Michael Page

Personal information
- Born: September 23, 1938 (age 87) New York City, New York, U.S.

Medal record
Equestrian
Representing the United States
Olympic Games
| Silver medal – second place | 1964 Tokyo | Team eventing |
| Silver medal – second place | 1968 Mexico City | Team eventing |
| Bronze medal – third place | 1968 Mexico City | Individual eventing |
Pan American Games
| Gold medal – first place | 1959 Chicago | Individual eventing |
| Gold medal – first place | 1963 São Paulo | Individual eventing |
| Gold medal – first place | 1963 São Paulo | Team eventing |
| Gold medal – first place | 1967 Winnipeg | Team eventing |
| Silver medal – second place | 1959 Chicago | Team eventing |
| Bronze medal – third place | 1967 Winnipeg | Individual eventing |

= Michael Page (equestrian) =

American equestrian

Michael Page (born September 23, 1938) is an American equestrian.

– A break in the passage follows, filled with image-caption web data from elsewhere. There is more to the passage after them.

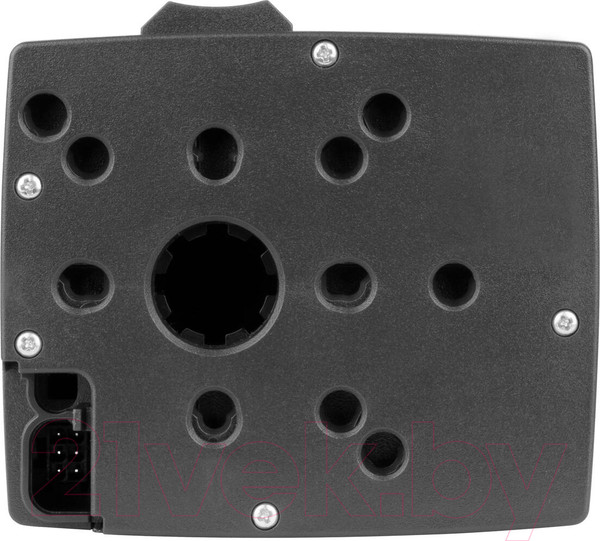 Изображение товара Электропривод сантехнический Afriso ARM 323 ProClick / 1432310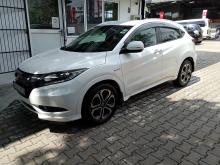 https://riyasewana.com/uploads/honda-vezel-2113550017945.jpg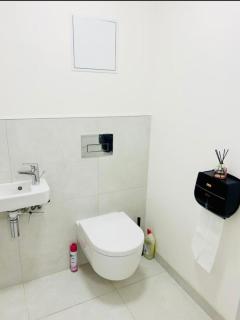 Veronika Home - 7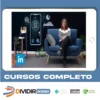 LinkedIn Construye Tu Marca Personal - Núria Mañé [ESPANHOL]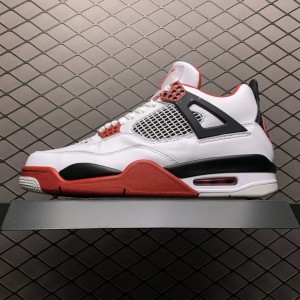 Ar Jrd n 4 Sneakers OG Batch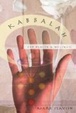 Cover of Kabbalah for Health & Wellness
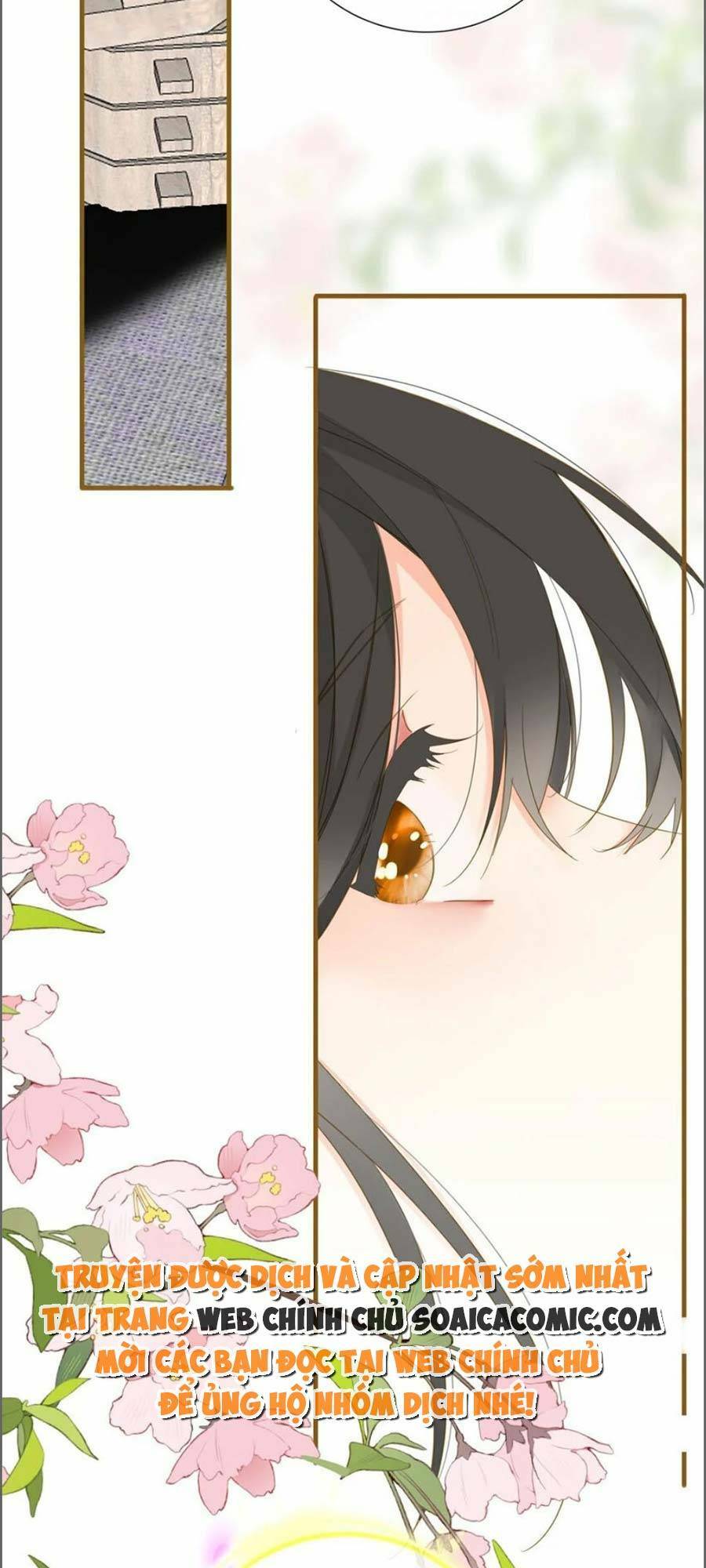 Vương Gia Hắn Luôn Nghĩ Tôi Yêu Hắn Đến Nghiện Chapter 18 - Trang 2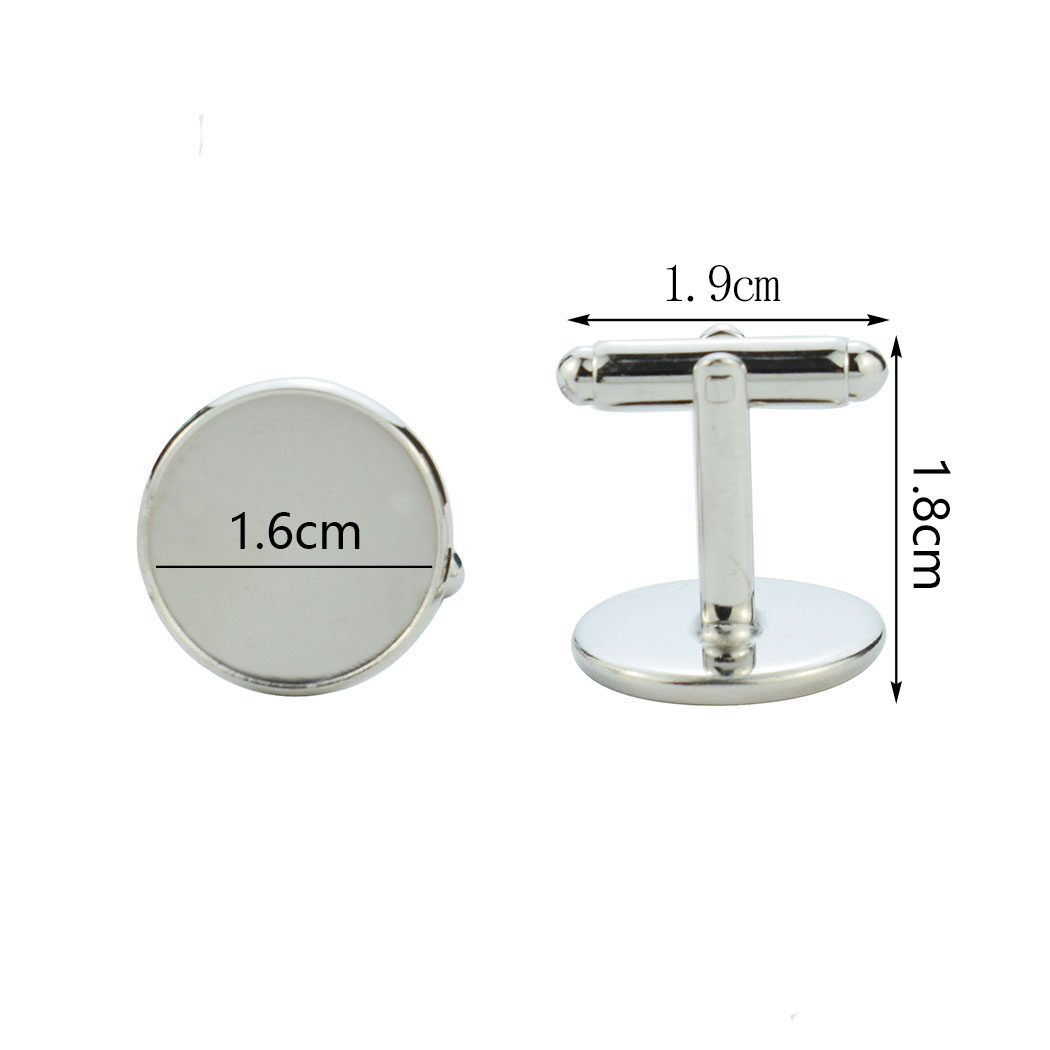 Tự Làm Nam Dây Buộc Kẹp Chân T - đánh giá và giá Men'S Accessories Tray
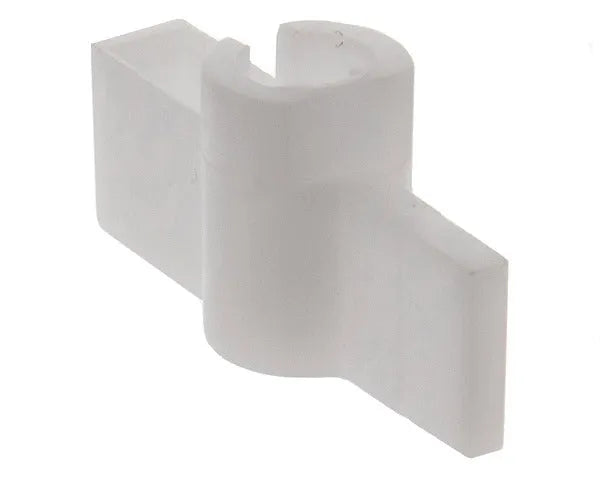WHIRLPOOL programmer knob awm235 | 481241318198
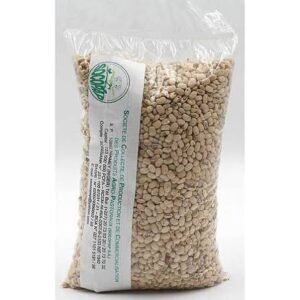 Sachet de Koki 3btes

At the 1964 Summer Olympics in Tokyo he won a silver medal in team eventing, and a bronze medal in individual eventing. He won a silver medal in team eventing at the 1968 Summer Olympics in Mexico City. Page was born in New York City, New York. Page served as head trainer of Kent School's equestrian team in Kent, Connecticut for twenty eight years, retiring in 2022. The Kent School Equestrian Center was dedicated as the Michael O. Page Equestrian Center in May 2022 in recognition of his service.